Isso arrancou um sorriso de mim.

— Vem cá — estendi os braços na sua direção e ela ficou de pé e correu para me abraçar — Se eu mentir algum dia para você — sussurrei contra seus cabelos — Pode me dar um soco no nariz. Juro que não vou reclamar.

Isso a fez rir em meio ao choro.

— Papai — ela disse contra o meu ombro, suas lágrimas molhando minha camisa — Promete que nunca mais vai embora?

Franzi as sobrancelhas.

Seria difícil prometer algo tão sério para minha filha. Ainda mais nas circunstâncias nas quais nos encontrávamos, entretanto, eu não deixaria mais ninguém me afastar de Eve e Bonnie.

— Eu prometo, filha — jurei.

Isso pareceu deixá-la mais calma e feliz. Depois de conversarmos mais um pouco, continuamos a partida, na qual, eu perdi descaradamente. Então, partimos para um "melhor de três'', porque eu me recusava a perder para uma criança.

***

Os quatro dias seguintes foram mais calmos e, de certa forma, "melhores." Porque eu finalmente tinha conseguido me entender com Eve. Havíamos voltado a ser amigos como quando eu ainda era um ser imaginário em sua mente chamado Peter.

Admito que aquela não havia sido uma forma nada ortodoxa de me aproximar de minha filha, mas eu estremecia só de pensar em Bonnie descobrindo a existência de Amy e a tirando de mim. E agora eu percebi que havia sido apenas um babaca ganancioso, pois deixei ela e nossas filhas infelizes.

E falando em infeliz… levou algum tempo para que Amy me perdoasse por ter falado com ela daquela maneira, mas após uma longa conversa — e várias desculpas da minha parte — ela entendeu que apenas queria seu bem. Ela era uma menina inteligente e gentil a ponto de perceber no mesmo segundo que tinha errado ao atacar sua irmã daquela maneira.

Fiquei satisfeito em saber que ela seguiria sempre o caminho certo.

A tarde caía lentamente, enquanto eu estava sentado no sofá da sala junto com minhas filhas assistindo a um filme de ação super violento que sua mãe desaprovava na mesma hora. Amy estava deitada no sofá com a cabeça apoiada em minha perna e Eve estava sentada em meu colo com o rosto enterrado em meu pescoço e no último estágio de sono. Ela nunca terminaria de assistir a nenhum filme assim.

Sorri acariciando seus cabelos e os de sua irmã, que abraçou minha perna ternamente, ainda focada nas cenas de luta e explosão.

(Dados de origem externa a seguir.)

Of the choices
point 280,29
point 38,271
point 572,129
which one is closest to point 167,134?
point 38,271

Uma parte de mim se sentia culpada por estar aproveitando a companhia de minhas filhas, enquanto Bonnie estava no outro cômodo presa em algum lugar estranho e vagando no limbo. Porém, eu sabia que uma vez colocado em curso, não era possível interromper um feitiço. Era arriscado demais para os envolvidos e poderia deixar sequelas maiores ainda. Então, tudo o que eu podia fazer era esperar que ela simplesmente encontrasse seu caminho de volta para nós.

Agradeci ao fato de não precisar dormir como uma pessoa normal, pois desde que Bonnie havia caído naquele fatídico sono, eu não conseguia pregar os olhos. Enquanto todos dormiam, eu ficava tarde da noite, sentado em uma poltrona, olhando para ela a noite toda e completamente atento para o caso de ela precisar de algo.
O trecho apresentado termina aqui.